Prime Minister Li Peng appeared on television last night and praised the troops for “fine efforts to safeguard security in the capital,” and called on the student leaders to surrender themselves and face the consequences of what he now termed “a counter-revolutionary plot.” In case there is still any question about who is running the country, today’s China Central Television news broadcast gave extensive coverage of a meeting of the Central Military Commission, presided over by a smiling Deng Xiaoping and attended by Li Peng, President Yang Shangkun, and an array of approximately fifty generals.

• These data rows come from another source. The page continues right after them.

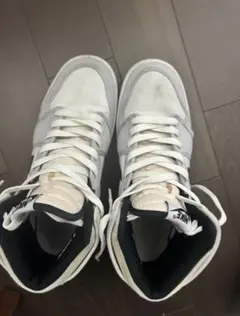 ナ*用様 Nike Air Jordan ハイカット スニーカー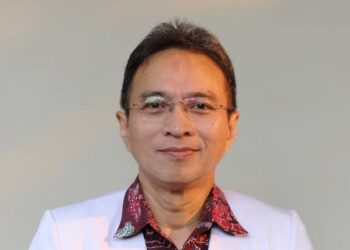 Pola Hidup tak Sehat, Sejumlah Penyakit Tidak Menular Intai Generasi Muda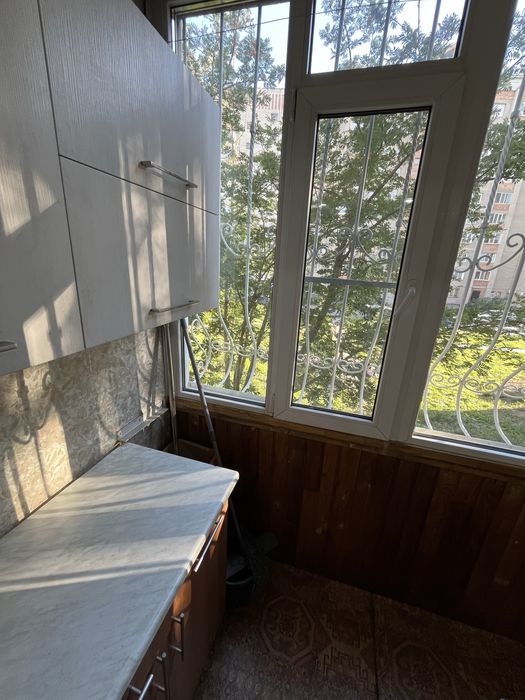 Продам квартиру на карбышева 26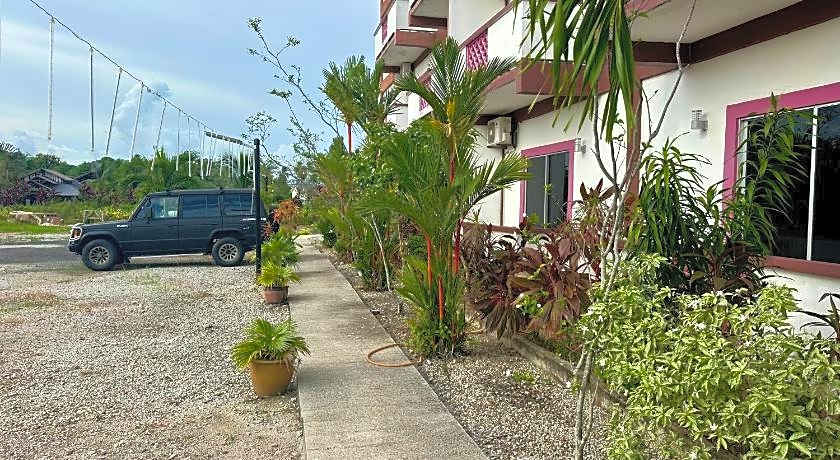Huda Inn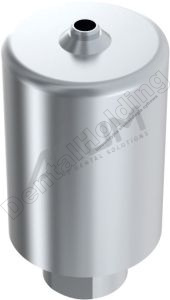 PREMILL 14 mm kompatybilny z ALPHABIOTEC® Internal Hex bez hex'a, platforma 4.2/5.0/6.0 PREMILL 14 mm kompatybilny z ALPHABIOTEC® Internal Hex bez hex'a, platforma 4.2/5.0/6.0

Qiao Shi, a hard-liner who heads the Public Security apparatus, is apparently the new Party chairman. People’s Liberation Army cameramen are out all over the city, photographing Army trucks delivering rice to Beijing hutongs, battalions of soldiers parading on Tiananmen, and helpful citizens clearing away wrecked vehicles and other debris from the streets. The arrest of students has already begun. On television we see long lines of handcuffed captives.
Right now, after several days of sporadic gunfire, the city itself is strangely quiet. Almost all foreigners have been evacuated. Since foreigners own most of the non-governmental motor vehicles in Beijing, the streets have reverted to the control of bicyclists and pedicab drivers. Most of the markets I’ve seen are open and are selling food, but a number of their stalls arc vacant, so there is presumably a shortage of some supplies. (Watermelons and garlic sprouts remain abundantly plentiful.)
Perhaps because quiet moments have been so precious lately, they are what stand out when I reflect on the past several days—and one moment in particular I know I will never forget. It occurred while I was making my way downtown on Sunday morning: I encountered coming back from Tiananmen a muted, pathetic parade of perhaps three hundred students, walking twelve abreast toward their campuses, in the northwestern part of the city. One waved in the air what was obviously the blood-soaked shirt of a dead comrade; others held up automatic-rifle bullets for bystanders to see. One bystander started to clap, and then stopped, embarrassed, realizing that he was in effect applauding a funeral procession. Many of the students marching by were crying, and so were many of us on the sidewalk watching.